TDP supporters celebrate the party's lead in the Andhra Pradesh Assembly polls and Lok Sabha polls, in Hyderabad, Tuesday, June 4, 2024. (PTI Photo) The BJP on Tuesday made substantial gains in some states in the south but lost its 2019 record of being the single-largest party overall across the five states. Back then, 25 of its seats five years ago came from Karnataka and four in Karnataka, two more than the Congress’s tally of 27. This time too the BJP won 29 seats, but the Congress has done better by winning 40 constituencies in the south. So where did the BJP gain and where did it lose?
In 2019, the BJP’s vote share in Andhra Pradesh was 0.96 per cent. The party was almost wiped out after Telugu Desam Party (TDP), its longtime ally from 1999, joined the Congress-led United Progressive Alliance (UPA) right before the elections. The party’s performance was also affected by the rise of YSR Congress Party, which had won 22 of the 25 seats in the state.
However, in 2024, the party formed an alliance with TDP and Telugu actor-turned-politician Pawan Kalyan’s Jana Sena Party. The alliance reaped dividends, with BJP winning three of the six seats it contested in with a vote share of 13.07 per cent.
This was consistent with its past record of vote shares — in 1999 in undivided Andhra Pradesh, the BJP had a vote share of 9.90 per cent. Its vote share was 8.41 per cent in 2004, 3.75 per cent in 2009 and 7.18 per cent in 2014.
The BJP had made substantial gains in Telangana — a state which was carved out of Andhra Pradesh in 2014 — in the last two elections.

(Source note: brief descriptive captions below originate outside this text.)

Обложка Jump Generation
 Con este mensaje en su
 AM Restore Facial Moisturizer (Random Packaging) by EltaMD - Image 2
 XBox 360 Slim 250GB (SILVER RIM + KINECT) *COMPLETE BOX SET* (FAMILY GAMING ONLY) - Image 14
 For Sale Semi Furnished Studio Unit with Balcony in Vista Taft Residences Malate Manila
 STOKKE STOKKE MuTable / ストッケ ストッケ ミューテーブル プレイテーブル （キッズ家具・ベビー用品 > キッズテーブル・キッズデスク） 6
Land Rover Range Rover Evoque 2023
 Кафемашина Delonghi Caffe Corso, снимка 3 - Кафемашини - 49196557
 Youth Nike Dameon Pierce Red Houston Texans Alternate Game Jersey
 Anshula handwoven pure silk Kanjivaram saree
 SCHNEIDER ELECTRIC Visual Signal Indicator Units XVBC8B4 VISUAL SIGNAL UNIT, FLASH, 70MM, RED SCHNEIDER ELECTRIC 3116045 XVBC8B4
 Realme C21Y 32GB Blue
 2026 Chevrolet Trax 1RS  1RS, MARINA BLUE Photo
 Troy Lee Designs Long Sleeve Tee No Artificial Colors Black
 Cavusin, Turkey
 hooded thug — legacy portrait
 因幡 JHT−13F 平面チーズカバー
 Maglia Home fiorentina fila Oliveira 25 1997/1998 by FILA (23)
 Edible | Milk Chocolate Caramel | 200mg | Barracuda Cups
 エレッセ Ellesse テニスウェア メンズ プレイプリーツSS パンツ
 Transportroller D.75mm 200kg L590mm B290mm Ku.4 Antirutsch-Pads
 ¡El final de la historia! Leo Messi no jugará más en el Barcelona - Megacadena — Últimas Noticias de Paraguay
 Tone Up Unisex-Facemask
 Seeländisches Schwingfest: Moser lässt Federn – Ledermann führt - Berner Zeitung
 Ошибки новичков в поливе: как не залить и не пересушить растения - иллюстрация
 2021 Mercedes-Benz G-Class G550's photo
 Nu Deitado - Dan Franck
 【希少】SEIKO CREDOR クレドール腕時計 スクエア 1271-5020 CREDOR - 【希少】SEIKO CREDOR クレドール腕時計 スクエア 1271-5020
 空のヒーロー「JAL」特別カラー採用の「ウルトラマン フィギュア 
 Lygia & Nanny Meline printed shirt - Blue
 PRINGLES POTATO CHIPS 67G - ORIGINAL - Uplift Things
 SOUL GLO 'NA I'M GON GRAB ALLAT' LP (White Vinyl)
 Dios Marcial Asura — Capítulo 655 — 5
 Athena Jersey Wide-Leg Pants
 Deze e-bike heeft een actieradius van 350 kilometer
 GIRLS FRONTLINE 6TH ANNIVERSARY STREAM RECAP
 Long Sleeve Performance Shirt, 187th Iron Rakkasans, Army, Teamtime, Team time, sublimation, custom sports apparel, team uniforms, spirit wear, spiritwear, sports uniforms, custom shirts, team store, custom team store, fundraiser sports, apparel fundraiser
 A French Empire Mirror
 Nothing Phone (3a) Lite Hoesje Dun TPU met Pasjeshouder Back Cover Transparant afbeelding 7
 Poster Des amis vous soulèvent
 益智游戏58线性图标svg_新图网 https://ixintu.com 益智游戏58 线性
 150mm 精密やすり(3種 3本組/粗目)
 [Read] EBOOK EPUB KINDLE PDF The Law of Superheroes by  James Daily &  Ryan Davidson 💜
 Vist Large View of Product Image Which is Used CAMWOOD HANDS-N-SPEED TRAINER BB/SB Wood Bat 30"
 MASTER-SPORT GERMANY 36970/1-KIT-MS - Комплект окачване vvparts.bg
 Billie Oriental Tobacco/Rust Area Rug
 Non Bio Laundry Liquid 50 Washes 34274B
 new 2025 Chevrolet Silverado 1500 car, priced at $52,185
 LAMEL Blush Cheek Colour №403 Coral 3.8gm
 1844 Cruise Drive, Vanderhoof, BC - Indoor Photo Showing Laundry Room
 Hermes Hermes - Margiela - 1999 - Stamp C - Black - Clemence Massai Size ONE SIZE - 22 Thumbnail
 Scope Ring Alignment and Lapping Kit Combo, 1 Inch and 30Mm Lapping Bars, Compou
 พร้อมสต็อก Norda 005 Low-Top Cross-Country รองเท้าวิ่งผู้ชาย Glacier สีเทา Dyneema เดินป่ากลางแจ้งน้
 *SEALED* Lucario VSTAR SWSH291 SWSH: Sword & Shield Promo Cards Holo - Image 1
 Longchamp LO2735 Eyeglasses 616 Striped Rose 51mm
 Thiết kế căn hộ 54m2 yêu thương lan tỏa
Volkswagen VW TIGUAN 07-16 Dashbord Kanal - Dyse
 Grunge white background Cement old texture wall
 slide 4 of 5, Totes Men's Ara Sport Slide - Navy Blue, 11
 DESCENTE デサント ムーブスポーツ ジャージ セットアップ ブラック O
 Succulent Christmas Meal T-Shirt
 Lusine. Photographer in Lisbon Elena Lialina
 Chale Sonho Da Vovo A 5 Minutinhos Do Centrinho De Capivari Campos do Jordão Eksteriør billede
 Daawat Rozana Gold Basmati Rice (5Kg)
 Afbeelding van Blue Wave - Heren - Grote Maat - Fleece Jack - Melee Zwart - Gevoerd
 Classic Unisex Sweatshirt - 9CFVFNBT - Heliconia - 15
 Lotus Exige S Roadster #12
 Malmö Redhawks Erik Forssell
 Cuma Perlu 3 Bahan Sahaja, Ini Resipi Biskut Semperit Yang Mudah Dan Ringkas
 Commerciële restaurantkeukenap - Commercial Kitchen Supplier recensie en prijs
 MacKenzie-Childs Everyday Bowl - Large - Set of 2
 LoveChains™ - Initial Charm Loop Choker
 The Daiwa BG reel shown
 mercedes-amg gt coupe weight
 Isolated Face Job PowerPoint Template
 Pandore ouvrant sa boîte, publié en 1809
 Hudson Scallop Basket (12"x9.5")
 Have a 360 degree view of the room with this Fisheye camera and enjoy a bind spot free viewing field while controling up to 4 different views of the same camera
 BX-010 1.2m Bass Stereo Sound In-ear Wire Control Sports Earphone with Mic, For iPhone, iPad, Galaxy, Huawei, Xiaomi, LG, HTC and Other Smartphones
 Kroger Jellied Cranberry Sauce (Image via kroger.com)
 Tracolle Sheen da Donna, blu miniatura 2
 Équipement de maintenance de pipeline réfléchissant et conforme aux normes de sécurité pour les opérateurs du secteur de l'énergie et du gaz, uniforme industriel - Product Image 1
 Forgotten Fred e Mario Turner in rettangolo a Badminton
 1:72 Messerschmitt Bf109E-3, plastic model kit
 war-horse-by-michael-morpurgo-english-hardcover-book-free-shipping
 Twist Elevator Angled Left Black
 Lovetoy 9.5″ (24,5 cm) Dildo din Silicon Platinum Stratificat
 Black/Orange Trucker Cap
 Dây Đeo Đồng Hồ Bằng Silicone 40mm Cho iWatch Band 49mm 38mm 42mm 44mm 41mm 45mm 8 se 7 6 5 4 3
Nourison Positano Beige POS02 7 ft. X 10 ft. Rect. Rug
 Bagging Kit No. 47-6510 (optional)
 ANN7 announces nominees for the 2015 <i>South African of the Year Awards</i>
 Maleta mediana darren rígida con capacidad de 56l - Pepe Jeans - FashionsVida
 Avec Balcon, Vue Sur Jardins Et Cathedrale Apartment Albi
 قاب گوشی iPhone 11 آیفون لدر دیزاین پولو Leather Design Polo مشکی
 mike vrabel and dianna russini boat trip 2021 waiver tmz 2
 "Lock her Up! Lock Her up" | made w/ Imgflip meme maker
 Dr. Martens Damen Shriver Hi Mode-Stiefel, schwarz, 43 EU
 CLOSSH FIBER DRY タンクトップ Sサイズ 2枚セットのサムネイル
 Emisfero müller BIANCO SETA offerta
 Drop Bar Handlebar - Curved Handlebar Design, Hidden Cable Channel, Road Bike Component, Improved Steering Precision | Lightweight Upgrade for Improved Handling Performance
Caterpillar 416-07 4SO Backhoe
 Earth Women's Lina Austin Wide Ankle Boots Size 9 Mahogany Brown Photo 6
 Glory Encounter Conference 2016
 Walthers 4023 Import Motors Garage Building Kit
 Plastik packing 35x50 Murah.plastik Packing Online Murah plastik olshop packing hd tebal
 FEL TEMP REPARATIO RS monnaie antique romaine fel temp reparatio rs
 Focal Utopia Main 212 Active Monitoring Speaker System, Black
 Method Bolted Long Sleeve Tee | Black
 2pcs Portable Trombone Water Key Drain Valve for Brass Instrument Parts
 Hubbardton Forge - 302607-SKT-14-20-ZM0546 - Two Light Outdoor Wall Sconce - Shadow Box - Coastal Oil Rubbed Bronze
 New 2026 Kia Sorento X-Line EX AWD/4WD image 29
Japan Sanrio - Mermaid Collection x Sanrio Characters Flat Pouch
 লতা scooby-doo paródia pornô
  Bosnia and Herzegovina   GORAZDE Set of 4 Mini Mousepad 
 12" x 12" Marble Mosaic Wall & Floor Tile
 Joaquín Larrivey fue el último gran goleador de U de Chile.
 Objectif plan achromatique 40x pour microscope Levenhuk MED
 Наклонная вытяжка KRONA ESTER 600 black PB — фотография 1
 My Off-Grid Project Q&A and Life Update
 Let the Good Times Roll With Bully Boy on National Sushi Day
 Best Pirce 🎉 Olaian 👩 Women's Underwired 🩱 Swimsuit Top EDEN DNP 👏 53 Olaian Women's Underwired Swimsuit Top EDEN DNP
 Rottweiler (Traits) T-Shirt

The year Telangana was formed, the BJP won a single seat in the state and had a vote share of 10.37 per cent. In 2019, it tripled its fortunes winning four seats, with a vote share of 19.45 per cent.
In 2024, it continued the juggernaut winning eight of the 17 parliament seats in the state. The party’s vote share also increased to 35.06 per cent. Meanwhile, the Congress was in a neck and neck fight with the BJP, winning eight seats on its own and a vote share of 40.11 per cent.
What really helped the BJP in Telangana was the decimation of Bharat Rashtra Samithi (BRS), a regional party which branched out in 2022 to become a national party. The BRS’s vote share had dropped from 41.29 per cent to 16.89 per cent, thereby feeding the BJP and the Congress.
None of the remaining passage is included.